TASK DIRECTIONS: Please repeat every entry that follows, keeping each one exactly the same.

[RECORDS FOR THE EXERCISE]

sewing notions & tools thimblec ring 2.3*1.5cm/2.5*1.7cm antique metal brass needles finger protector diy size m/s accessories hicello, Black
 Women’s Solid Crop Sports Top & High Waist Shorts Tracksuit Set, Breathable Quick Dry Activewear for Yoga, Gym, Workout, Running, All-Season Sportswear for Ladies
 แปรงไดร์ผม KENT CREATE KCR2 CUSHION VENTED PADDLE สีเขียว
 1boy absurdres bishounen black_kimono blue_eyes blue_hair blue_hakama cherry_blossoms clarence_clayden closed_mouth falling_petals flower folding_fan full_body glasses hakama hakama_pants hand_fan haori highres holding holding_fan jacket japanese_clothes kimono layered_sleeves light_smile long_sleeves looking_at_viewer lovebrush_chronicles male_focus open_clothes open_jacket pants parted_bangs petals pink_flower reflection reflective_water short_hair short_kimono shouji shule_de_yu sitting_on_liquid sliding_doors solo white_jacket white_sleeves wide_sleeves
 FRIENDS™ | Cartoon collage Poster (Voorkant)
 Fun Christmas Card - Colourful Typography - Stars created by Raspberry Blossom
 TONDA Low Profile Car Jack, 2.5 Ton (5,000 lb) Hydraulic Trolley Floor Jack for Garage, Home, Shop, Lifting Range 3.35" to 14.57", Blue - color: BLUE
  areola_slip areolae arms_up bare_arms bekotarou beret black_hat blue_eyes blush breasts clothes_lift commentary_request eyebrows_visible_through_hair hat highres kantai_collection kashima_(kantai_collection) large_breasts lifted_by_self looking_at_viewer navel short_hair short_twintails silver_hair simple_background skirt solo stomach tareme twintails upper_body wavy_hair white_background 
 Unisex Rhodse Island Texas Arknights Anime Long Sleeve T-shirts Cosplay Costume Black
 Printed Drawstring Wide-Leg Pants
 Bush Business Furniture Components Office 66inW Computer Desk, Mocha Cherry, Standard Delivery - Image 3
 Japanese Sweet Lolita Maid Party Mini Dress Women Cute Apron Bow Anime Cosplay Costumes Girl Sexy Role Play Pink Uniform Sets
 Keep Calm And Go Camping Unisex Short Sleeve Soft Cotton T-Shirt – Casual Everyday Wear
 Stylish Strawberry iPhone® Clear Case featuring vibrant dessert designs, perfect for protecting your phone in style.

[/RECORDS FOR THE EXERCISE]

ANSWER BOX:
sewing notions & tools thimblec ring 2.3*1.5cm/2.5*1.7cm antique metal brass needles finger protector diy size m/s accessories hicello, Black
 Women’s Solid Crop Sports Top & High Waist Shorts Tracksuit Set, Breathable Quick Dry Activewear for Yoga, Gym, Workout, Running, All-Season Sportswear for Ladies
 แปรงไดร์ผม KENT CREATE KCR2 CUSHION VENTED PADDLE สีเขียว
 1boy absurdres bishounen black_kimono blue_eyes blue_hair blue_hakama cherry_blossoms clarence_clayden closed_mouth falling_petals flower folding_fan full_body glasses hakama hakama_pants hand_fan haori highres holding holding_fan jacket japanese_clothes kimono layered_sleeves light_smile long_sleeves looking_at_viewer lovebrush_chronicles male_focus open_clothes open_jacket pants parted_bangs petals pink_flower reflection reflective_water short_hair short_kimono shouji shule_de_yu sitting_on_liquid sliding_doors solo white_jacket white_sleeves wide_sleeves
 FRIENDS™ | Cartoon collage Poster (Voorkant)
 Fun Christmas Card - Colourful Typography - Stars created by Raspberry Blossom
 TONDA Low Profile Car Jack, 2.5 Ton (5,000 lb) Hydraulic Trolley Floor Jack for Garage, Home, Shop, Lifting Range 3.35" to 14.57", Blue - color: BLUE
  areola_slip areolae arms_up bare_arms bekotarou beret black_hat blue_eyes blush breasts clothes_lift commentary_request eyebrows_visible_through_hair hat highres kantai_collection kashima_(kantai_collection) large_breasts lifted_by_self looking_at_viewer navel short_hair short_twintails silver_hair simple_background skirt solo stomach tareme twintails upper_body wavy_hair white_background 
 Unisex Rhodse Island Texas Arknights Anime Long Sleeve T-shirts Cosplay Costume Black
 Printed Drawstring Wide-Leg Pants
 Bush Business Furniture Components Office 66inW Computer Desk, Mocha Cherry, Standard Delivery - Image 3
 Japanese Sweet Lolita Maid Party Mini Dress Women Cute Apron Bow Anime Cosplay Costumes Girl Sexy Role Play Pink Uniform Sets
 Keep Calm And Go Camping Unisex Short Sleeve Soft Cotton T-Shirt – Casual Everyday Wear
 Stylish Strawberry iPhone® Clear Case featuring vibrant dessert designs, perfect for protecting your phone in style.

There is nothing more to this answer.